Adiaspora.com: Depois de ter resolvido o imbróglio com o passaporte, consegue o passaporte como emigrante. Quando é que parte de Portugal?

A.V.: Parti de Portugal no dia 1 ou 2 de Junho de 1952. Ao todo, foram 6 dias de viagem.

Adiaspora.com: Em que barco é que partiu?

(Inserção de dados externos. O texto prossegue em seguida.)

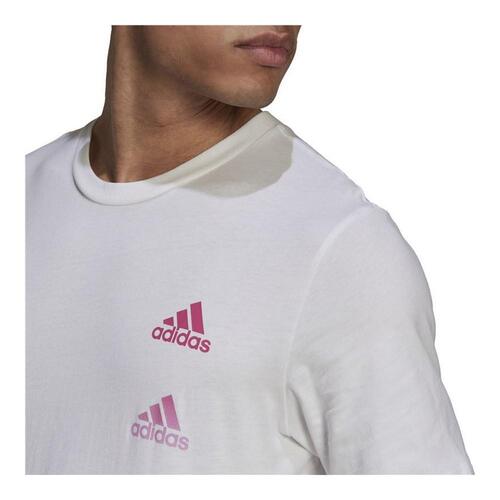 Kortærmet T-shirt til Mænd Adidas Essentials Gradient Hvid M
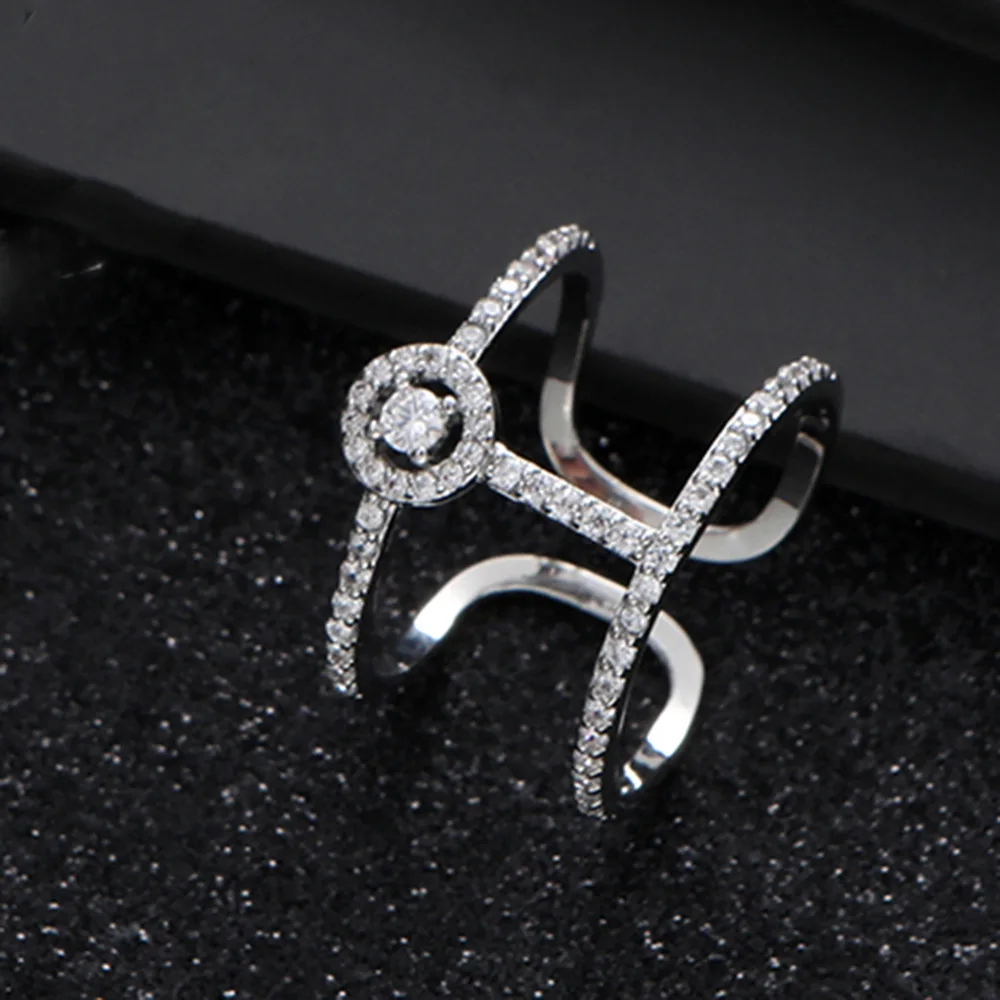 

HIBRIDE Simple and Versatile Everyday Focus Jewelry Women's Opening Adjustable Ring Dress Decoration Wedding Prom Party Gift R62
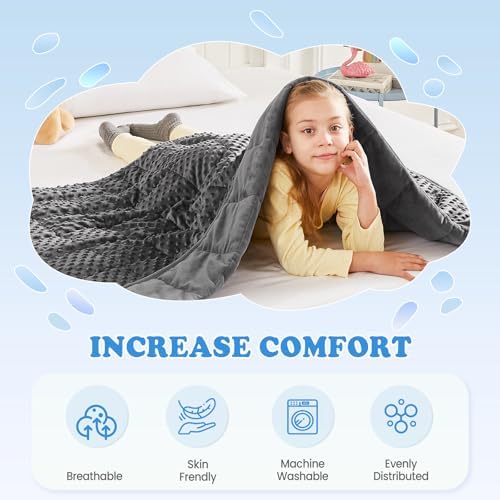 Weighted Blanket - 7 lbs Grey Minky Heavy Blanket - Small Size Breathable Lap Blanket(41"x60", 7 lbs) - Image 3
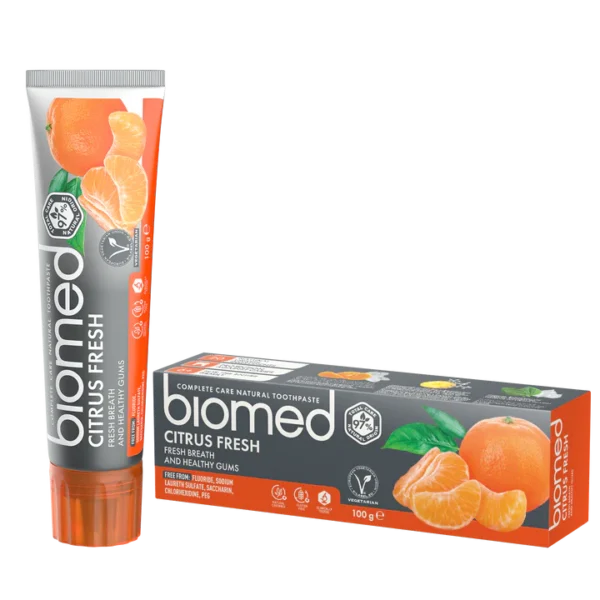 BIOMED Сitrus Fresh 97 % naturlig uppfriskande tandkräm 100 g - Bild 2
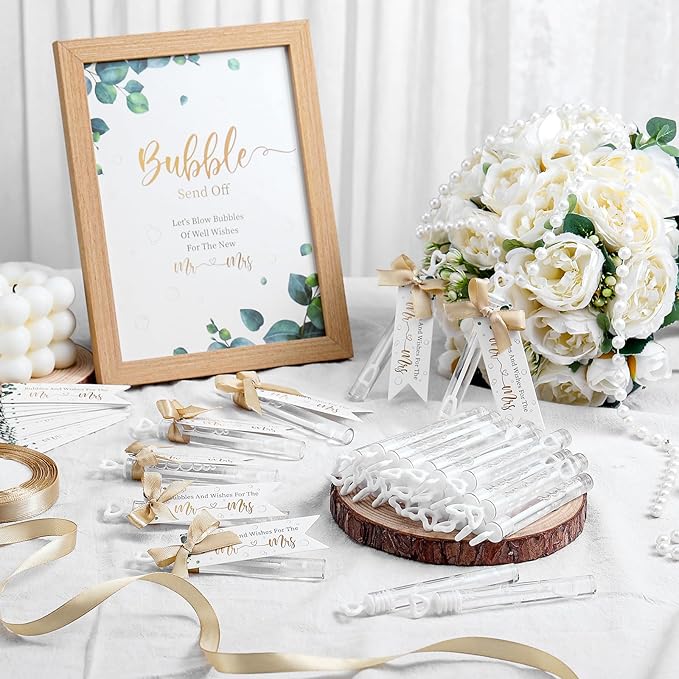 405 Pcs Wedding Bubbles Wands Set Include Heart Bubble Wands Bubbles Send Off - Image 2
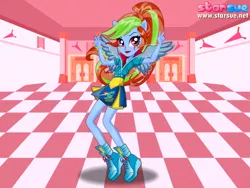 Size: 800x600 | Tagged: safe, artist:user15432, derpibooru import, rainbow dash, equestria girls, friendship games, clothes, pegasus wings, ponied up, pony ears, school outfit, school spirit, school uniform, shoes, sneakers, starsue, winged humanization, wings, wondercolts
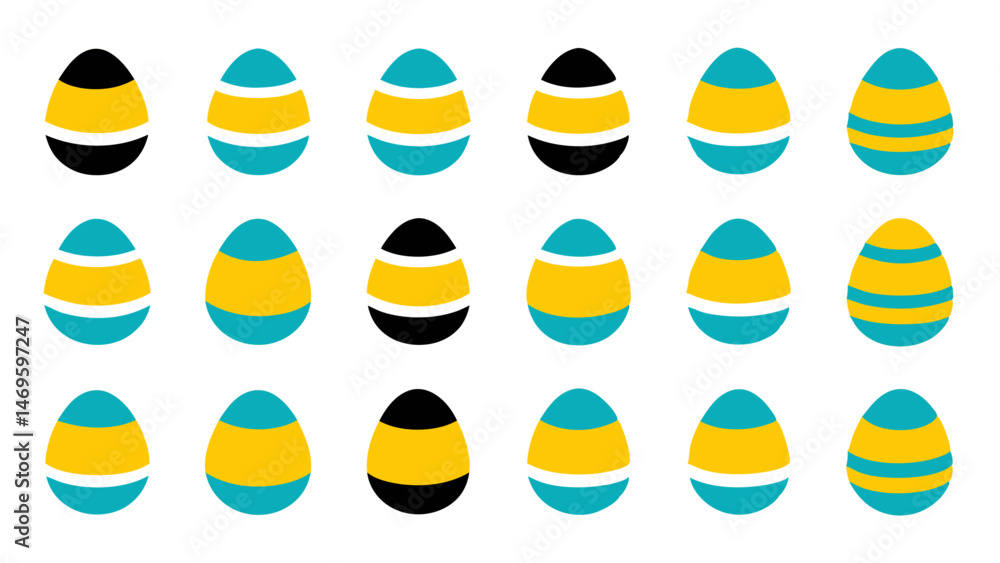 Aufkleber decorative easter egg patterns in cheerful spring tones suitable for invitations digital prints text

A.V.: No Vulcania. Era um barco italiano, irmão do Saturnia. Nessa viagem eu era o único português a vir para o Canadá. O barco vinha cheio de emigrantes que iam para os Estados Unidos, portugueses que tinham ido de férias a Portugal que vinham de regresso. Desembarquei em Halifax e vinham mais dois portugueses no barco com passaportes de turista. No segundo dia de viagem, o inspector de emigração abeirou-se de mim e disse-me que havia outros dois portugueses que também vinham para o Canadá e que mos apresentaria para fazermos a viagem mais distraídos. Um mês antes, estes já tinham vindo no Saturnia mas ao chegar foram impedidos de desembarcar pela polícia por não terem condições financeiras para entrar no Canadá. Mas eles não desistiram e conseguiram vir no Vulcania um mês depois. Acabaram por ficar. Um deles até foi meu colega de trabalho por bastante tempo. Estive sujeito a ser atirado ao mar por eles na viagem. O inspector levou-me ao bar para me juntar a eles...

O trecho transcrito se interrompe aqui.